In fact, the idea to economically 'rebalance the regions' in the Midlands and the North runs up against a common problem in regional economic theory. There is a school of thought amongst spatial economists that large transport and infrastructure projects connecting peripheral areas of a continent (like the north of the UK or the south of Italy) to the core areas (like Southeast England or western Germany) often do more harm than good, because of a 'two way street' effect. Transport corridors can draw economic opportunities to peripheral areas, but we forget that they can just as easily draw them to core areas, sucking them out of peripheral areas and rendering the whole enterprise economically counterproductive.

Many economists believe this is exactly what has happened in Europe - that transport corridors planned to achieve regional integration have in fact increased regional inequalities, by consolidating the core of Western Europe to the detriment of the peripheries. There is no reason to believe from the outset that the proposed infrastructure linking the Midlands and the North to London and the continent will be any different.

However at a minor level, there is a synergy in combining the high speed rail line, the utilities and the data networks into a single corridor, since the cost of land acquisition can be reduced by doing so.

The airport

Once the above components have been discounted, we are left with a proposal for an airport that must be evaluated solely on its viability as a location and the feasibility of its construction and resourcing. The strength of the latter is how the vision uses the Thames barrier both to unlock a funding stream and to create a renewable energy supply.

However the location, seen in the context of the six other airports in the region (Heathrow, Gatwick, Stansted, City, Luton and Southend) offers little appeal from a geographic point of view. It requires massive investment in brand new transport infrastructure just to get to the Isle of Grain, whereas the other airports lie on established transport corridors that can be expanded when required. The big three existing sites — Heathrow, Gatwick and Stansted — are all surrounded by sufficient agricultural lands that could be appropriated for expansion. It is only the parochialism of UK politics that has shut down these possibilities.

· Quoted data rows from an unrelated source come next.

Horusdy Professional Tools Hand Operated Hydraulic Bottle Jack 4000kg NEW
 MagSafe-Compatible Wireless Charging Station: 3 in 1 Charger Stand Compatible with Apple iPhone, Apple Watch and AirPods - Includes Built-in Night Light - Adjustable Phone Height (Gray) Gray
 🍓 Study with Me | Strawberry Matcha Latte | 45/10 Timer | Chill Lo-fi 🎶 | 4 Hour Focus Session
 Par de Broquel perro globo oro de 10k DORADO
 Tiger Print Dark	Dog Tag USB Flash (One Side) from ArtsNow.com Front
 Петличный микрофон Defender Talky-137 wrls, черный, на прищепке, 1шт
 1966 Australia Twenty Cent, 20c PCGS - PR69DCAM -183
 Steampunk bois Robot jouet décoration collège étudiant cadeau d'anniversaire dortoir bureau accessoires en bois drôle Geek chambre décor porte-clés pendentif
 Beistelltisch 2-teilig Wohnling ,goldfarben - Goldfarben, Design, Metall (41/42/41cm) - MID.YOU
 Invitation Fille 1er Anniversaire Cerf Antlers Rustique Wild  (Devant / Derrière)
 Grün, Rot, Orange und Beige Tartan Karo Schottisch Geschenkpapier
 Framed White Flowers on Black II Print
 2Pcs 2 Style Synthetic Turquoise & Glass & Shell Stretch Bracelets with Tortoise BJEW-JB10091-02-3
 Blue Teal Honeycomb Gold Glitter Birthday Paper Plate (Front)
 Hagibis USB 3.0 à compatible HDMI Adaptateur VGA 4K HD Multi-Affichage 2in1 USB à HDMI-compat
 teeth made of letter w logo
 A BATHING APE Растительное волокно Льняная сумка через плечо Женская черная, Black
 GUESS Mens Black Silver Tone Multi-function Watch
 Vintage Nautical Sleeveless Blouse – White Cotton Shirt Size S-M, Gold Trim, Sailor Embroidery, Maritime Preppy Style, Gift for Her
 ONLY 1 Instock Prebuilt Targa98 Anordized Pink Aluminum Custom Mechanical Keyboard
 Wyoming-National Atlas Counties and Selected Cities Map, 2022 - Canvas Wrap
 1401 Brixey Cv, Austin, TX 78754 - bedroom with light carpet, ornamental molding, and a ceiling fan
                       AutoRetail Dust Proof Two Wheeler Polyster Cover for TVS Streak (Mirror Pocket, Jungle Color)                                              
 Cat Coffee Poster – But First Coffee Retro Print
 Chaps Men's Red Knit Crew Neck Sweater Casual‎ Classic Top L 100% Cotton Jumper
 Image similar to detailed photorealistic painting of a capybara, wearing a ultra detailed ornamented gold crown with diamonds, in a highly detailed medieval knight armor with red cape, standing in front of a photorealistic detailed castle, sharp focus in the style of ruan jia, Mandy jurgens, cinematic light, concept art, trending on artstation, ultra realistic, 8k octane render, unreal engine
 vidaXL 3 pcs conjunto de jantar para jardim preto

The Isle of Grain at least offers a palatable alternative to this impasse. And the real advantage this isolated site offers is the possibility of a 24-hour operation. Four parallel runways operating around the clock could allow for 150 million passengers per year, 68% more than the world's current largest, Hartsfield-Jackson in Atlanta, and a huge leap over the total number of passengers in all of London or New York combined. This would knock the socks off London's competitors in the race to be Europe's undisputed aviation hub, such as Paris, Frankfurt, Madrid and Amsterdam (though it could also make it a big white elephant).

The politics

It is funny that with all the other purported advantages cited in the Thames Hub vision, the number of jobs created isn't one of them. The number of residents in Western London who will be spared the environmental impacts of an expanded Heathrow are quantified (five million), but not the number who will be affected in East London and Kent. I can't pretend that the Thames Hub vision was developed according to partisan politics, but it is important that the economic benefits to workers and residents of underprivileged areas be quantified and made comparable to the benefits to corporations and airline customers.

In the end we need people to be thinking on as grand a scale on this, and there is much to be commended in the plans in their current state. But that's not to say that all grand plans are great ones; there is much that should be weeded out, so that we comprehend accurately the intrinsic value of each component as well as the synergies between them. It is a problem that no politician has been able to engineer a movement for expanding one of the existing London airports, but if our politicians have lost the courage for that task, then the Thames Hub airport is one of the better alternatives going.